1). The remaining cTACE and DEB-TACE cohorts exhibited no significant difference in any of the factors known to significantly affect outcome. A relatively high percentage of patients were classified as BCLC C. According to the BCLC scheme, stage C patients should receive sorafenib therapy. Nonetheless, this is not reflected in real clinical practice in most major liver disease centers worldwide. Especially if a patient is classified as BCLC C because of having ECOG stage 1, TACE is often preferred over sorafenib. As this was the case in most of our BCLC C patients, we believe that our collective represents the typical TACE patient quite well. Another limitation is the use of two different chemotherapeutic agents. Nonetheless, we believe that this difference is negligible. To this day, no drug or combination of drugs has been proven better than any other for the treatment of HCC in a randomized trial [
35]. Only one non-randomized retrospective trial found that cisplatin was superior to doxorubicin, but at the cost of higher side effects [
36]. We did not investigate complications as this was not the focus of our study, and this is generally difficult to assess in a retrospective analysis.
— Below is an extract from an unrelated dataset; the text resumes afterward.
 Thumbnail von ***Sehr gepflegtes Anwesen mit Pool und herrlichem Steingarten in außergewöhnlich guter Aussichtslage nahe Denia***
Furthermore, we used DC Beads® ranging in diameter from 100–300 μm to 500–700 μm. The larger drug-eluting beads were primarily used at the beginning of the treatment period; from 2010 on, we completely switched to smaller beads of 100–300 μm, which we believe preserve the patency of the arterial feeding vessels, thereby allowing more repetitive treatments. From 2012 on, we switched to the even smaller DC Beads M1® (70–150 μm). Nonetheless, it is questionable whether the assumed positive effect of smaller beads might have changed the present results.